There's not a lot of diversity, but in one scene the corrupt Elvis pompadour does have his arm around an Al Sharpton Afro, but we never see one Jheri Curl at all. (Where are you now, Super Freak?)





Everything ends up swell for some: the combover and the wave move in together, the up-do and the side-bang move in together.  None of them get killed or go to jail.  On the other hand, the rubber-curler faux perm from the FBI is real-conned by the combover and the wave and ends up in disgrace. The Grecian formula political heads and the Elvis pompadour end up fined or in jail. We don't find out what happens to the Afro.

Along the way (not in scenic order):  a science oven (microwave oven) explodes on account of the up-do sticking a foil-wrapped metal baking pan inside it; the wave and the faux-perm go disco dancing at Studio 54 where they do the Hustle and have faux-sex in a toilet stall; the Elvis pompadour and the combover lip-synch to Delilah; the faux-perm's Mamma Mia dishes out some gratuitous cliches with the cannoli; one huge fat middle-aged male belly gets an entire scene to itself as well as a cameo at the pool party (but you can go Google that yourself).






I like to think of myself as a 60's gal, but now that I think of it, I did spend more of my adult years in the 70's.  Care to join me as I drown my aged sorrows in an iconic fern-bar cocktail? Harvey Wallbangers all around, bartender.




Thursday, January 9, 2014

Done with Downton

Okay, I'm a mean girl at heart.  I laughed when Matthew flew out of his snappy roadster and broke his neck at the end of Season Three.  I knew it was coming.  I had read that Dan Stevens was done with Downton and on to other things.

I decided I was done with Downton, as well. I just can't bring myself to watch a show where I want to slap more than 50% of the characters, no matter how much I enjoy seeing their costumes. 

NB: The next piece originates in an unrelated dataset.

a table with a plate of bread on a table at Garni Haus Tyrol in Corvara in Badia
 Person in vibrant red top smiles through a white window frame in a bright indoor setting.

More fun than a barrel of suppurating donkey meat with a soupçon of fox flesh.
But not much more fun.




So, I wasn't one of the twenty gazillion watching the Season 4 premiere last Sunday night.  I'm not saying that if I come down with a case of stomach flu a couple of months from now, and the room is reeling, and I am lying there sucking on ice chips that I won't succumb to a Downton binge. But right now I am looking forward to new seasons of House of Cards and Orange Is The New Black on Netflix.

Netflix is so much more civilized.  They release all the episodes on the same day and we, the customers, can choose how we want to watch. Why, it's almost like living in the future. 

And while I'm at it, why doesn't anyone say that someone who sits down and reads a book over the weekend is "binge-reading." It's as though binge-watching were something shameful, like eating thirteen pints of Ben & Jerry's at one sitting.